**Given records**
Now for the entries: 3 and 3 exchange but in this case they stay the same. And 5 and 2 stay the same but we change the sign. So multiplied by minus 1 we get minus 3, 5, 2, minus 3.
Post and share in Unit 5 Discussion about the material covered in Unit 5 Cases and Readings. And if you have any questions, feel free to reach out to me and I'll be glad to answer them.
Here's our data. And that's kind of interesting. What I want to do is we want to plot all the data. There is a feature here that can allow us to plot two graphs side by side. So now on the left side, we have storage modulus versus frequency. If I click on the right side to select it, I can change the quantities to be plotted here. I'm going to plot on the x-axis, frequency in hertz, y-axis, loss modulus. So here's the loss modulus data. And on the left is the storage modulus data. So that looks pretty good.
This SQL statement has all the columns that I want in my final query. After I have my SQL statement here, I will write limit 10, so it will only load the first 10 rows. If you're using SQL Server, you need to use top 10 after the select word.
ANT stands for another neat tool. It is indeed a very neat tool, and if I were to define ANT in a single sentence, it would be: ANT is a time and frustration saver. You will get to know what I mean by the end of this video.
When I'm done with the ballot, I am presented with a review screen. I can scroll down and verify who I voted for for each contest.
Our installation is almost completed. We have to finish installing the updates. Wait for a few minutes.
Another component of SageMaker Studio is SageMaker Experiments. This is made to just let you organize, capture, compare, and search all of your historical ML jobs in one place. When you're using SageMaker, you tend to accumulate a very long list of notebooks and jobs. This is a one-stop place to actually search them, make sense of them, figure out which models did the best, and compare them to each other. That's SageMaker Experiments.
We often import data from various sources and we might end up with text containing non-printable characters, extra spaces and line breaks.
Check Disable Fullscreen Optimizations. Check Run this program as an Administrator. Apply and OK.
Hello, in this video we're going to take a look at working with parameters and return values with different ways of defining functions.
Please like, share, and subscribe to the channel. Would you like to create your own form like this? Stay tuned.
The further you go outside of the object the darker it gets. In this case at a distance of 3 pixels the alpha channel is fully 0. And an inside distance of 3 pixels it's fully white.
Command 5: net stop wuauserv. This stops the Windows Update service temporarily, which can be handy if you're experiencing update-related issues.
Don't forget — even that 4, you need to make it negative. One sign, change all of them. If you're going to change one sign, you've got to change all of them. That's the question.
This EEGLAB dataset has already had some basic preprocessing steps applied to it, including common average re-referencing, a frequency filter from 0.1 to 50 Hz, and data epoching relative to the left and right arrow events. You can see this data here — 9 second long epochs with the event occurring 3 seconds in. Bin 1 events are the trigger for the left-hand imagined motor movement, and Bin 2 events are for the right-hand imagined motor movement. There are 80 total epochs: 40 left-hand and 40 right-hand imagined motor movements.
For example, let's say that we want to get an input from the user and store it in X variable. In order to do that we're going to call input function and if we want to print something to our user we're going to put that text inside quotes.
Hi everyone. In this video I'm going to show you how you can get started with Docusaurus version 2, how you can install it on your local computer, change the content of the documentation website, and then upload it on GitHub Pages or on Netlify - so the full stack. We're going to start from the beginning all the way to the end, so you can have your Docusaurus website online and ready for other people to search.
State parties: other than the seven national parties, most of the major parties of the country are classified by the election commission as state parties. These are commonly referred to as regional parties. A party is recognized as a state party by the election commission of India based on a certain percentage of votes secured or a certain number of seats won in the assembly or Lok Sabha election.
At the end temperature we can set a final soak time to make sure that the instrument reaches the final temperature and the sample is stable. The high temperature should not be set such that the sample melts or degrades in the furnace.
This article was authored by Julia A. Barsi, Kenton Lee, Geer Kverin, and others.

**Task item**
Reproducing the whole listing above is not the task. Copy exactly only the lines from the one with "Our installation is" to the one with "Check Disable Fullscreen", both kept.

**Solution to this task**
Our installation is almost completed. We have to finish installing the updates. Wait for a few minutes.
Another component of SageMaker Studio is SageMaker Experiments. This is made to just let you organize, capture, compare, and search all of your historical ML jobs in one place. When you're using SageMaker, you tend to accumulate a very long list of notebooks and jobs. This is a one-stop place to actually search them, make sense of them, figure out which models did the best, and compare them to each other. That's SageMaker Experiments.
We often import data from various sources and we might end up with text containing non-printable characters, extra spaces and line breaks.
Check Disable Fullscreen Optimizations. Check Run this program as an Administrator. Apply and OK.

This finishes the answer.